In my earlier tips, I talked about the Data Quality Service (DQS) in SQL Server 2012, which helps ensure data integrity and quality by data profiling, matching, cleansing, correcting and monitoring overall status of the data cleansing process. We also talked about using the interactive Data Quality Client tool and in this tip we will walk through how to do data cleansing in a automated mode.
Data Quality Service (DQS) has a SSIS component which you can use for automating the data cleansing process or if you want to run it in batch mode (versus interactively in the Data Quality Client tool).
Before you can start using the Data Cleansing component in SSIS, you need to make sure you have already created and published a knowledge base for cleansing your source data. To learn more about the knowledge base or knowledge discovery and the process of creating a knowledge base, refer to my earlier tip in this series.
Please note, this data cleansing component is a SSIS component which can be installed and run on the same machine or on a different machine than the DQS server. This component works like a client and requires DQS Server for performing data cleansing operations. To learn more about DQS installation and configuration, please refer to my first tip in this series.
As you can see below, the SSIS component reads data from the source, sends it to the DQS Server for data cleansing and correction and writes the output to the destination. It also includes additional columns to indicate whether the value was already correct, was corrected by DQS, if any other value was suggested or the value was an invalid/unknown value.
(Image source is from Gadi Peleg's presentation available here)
GGetting started with the DQS cleansing component in SSIS
I am assuming you have basic understanding of SSIS and you are aware of how to create a simple package in SSIS, if not please refer to this tutorial.

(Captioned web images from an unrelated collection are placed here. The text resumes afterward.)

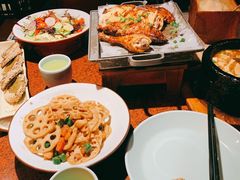 辣炒藕片-绿茶餐厅(蓝色港湾店)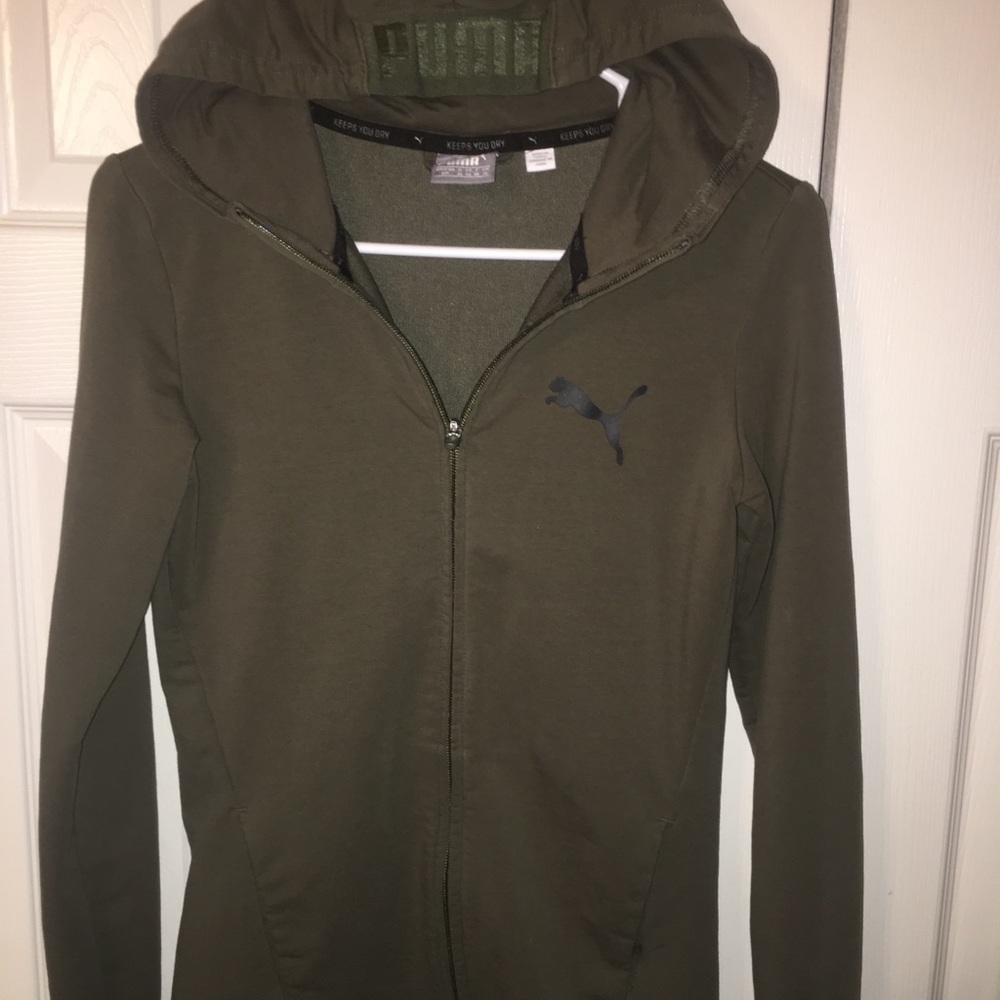Puma zip up jacket
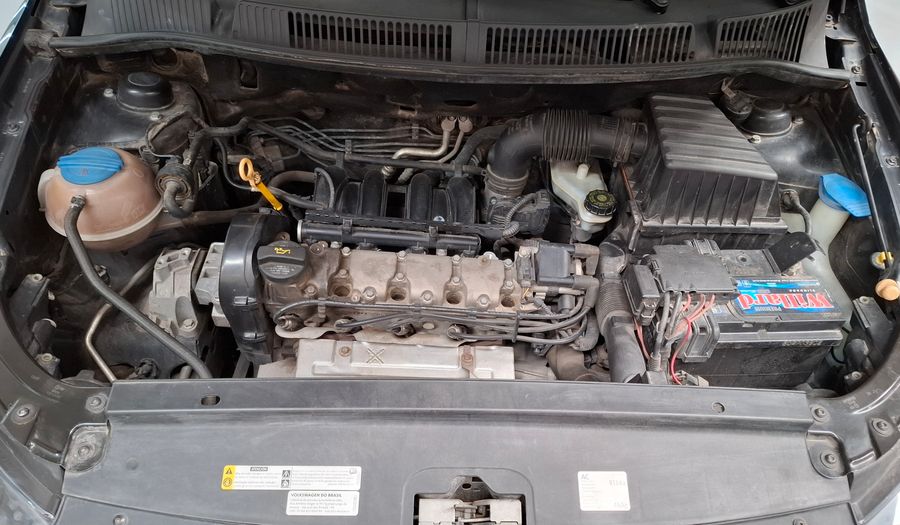 Volkswagen Fox 1.6 COMFORTLINE Hatchback 2016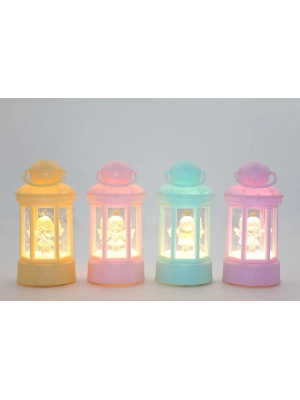 Melek Figürlü Işıklı Kar Küresi Alk1653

CCreate a SSIS package and drag a data flow task from the Toolbox on to the Control Flow; double click on data flow task to open the task in data flow pane. In the Toolbox of the data flow pane you will notice a new component (DQS Cleansing) appears as shown below:
Before we begin using this component, we need to first select/specify the data source which needs to be cleansed, in my case I have a csv file (incorrect values have been highlighted here for clarity) with this data, which I want to cleanse, as shown below:
In this example I am going to use the same knowledge base (TitleDomain) which I created in my last tip of this series and which has these entries, as shown below, for valid Title domain:
Now coming back to the data source for data cleansing, I have defined a flat file connection manager as shown below, for the above "csv" file:
Now drag a Data Cleansing component from the Toolbox on to the data flow pane, drag the green arrow icon to the component from the flat file source and right click -> Edit on the Data Cleansing component as shown below:
In the Connection Manager page of DQS Cleansing Transformation Editor, you need to either specify or create a new connection manager (a new type of connection manager introduced with this release to connect to DQS Server) that connects to DQS Server where you have created the knowledge base for use, you can click on the Test Connection button to verify the connection is valid:
Once connected to the DQS Server, the data quality knowledge base combo-box will display all the published knowledge bases available on the DQS Server. Select the appropriate one and then go to the Mapping page:
On the Mapping page, select the source/input columns to be cleansed and select the appropriate domain (will be contained in the knowledge base which you selected in last step) for each column in the bottom grid as you can see below. I want to cleanse the Title column of the source and hence I have selected the Title domain (available in the knowledge base) to be used for cleansing the incoming titles:
The DQS Cleansing component adds a column called [Record Status] which indicates what operation has been taken by the DQS Server for each value. For example, if the value was already correct or corrected by DQS; if not then if there is any suggestion or it is invalid for the domain or an unknown value which is not in the domain and does not match with the domain rules:
You need to use a Conditional Split Transformation for splitting the output from the DQS Cleansing component based on the values of the [Record Status] column as shown below. Correct and Corrected values can be combined together (using Union All Transformation) and written directly to the destination whereas Autosuggested, Invalid or Unknown values can be combined and written to an intermediate table, so those values can be manually fixed before writing to the destination (or the knowledge base can be enhanced to include these additional values or updated for existing values so that manual fixing can be minimized):
When you run the above package, you will notice that 10 records come from the source, out of the 10 records, five are correct, one gets corrected, two are autosuggested and two values are unknown as shown below:
In this tip, I demonstrated how you can use the SSIS transformation component to do data cleansing in a batch/automated mode. If you want to learn more about creating a knowledge base and doing the cleansing in an interactive mode using the Data Quality Client tool, refer to my earlier tips in the series.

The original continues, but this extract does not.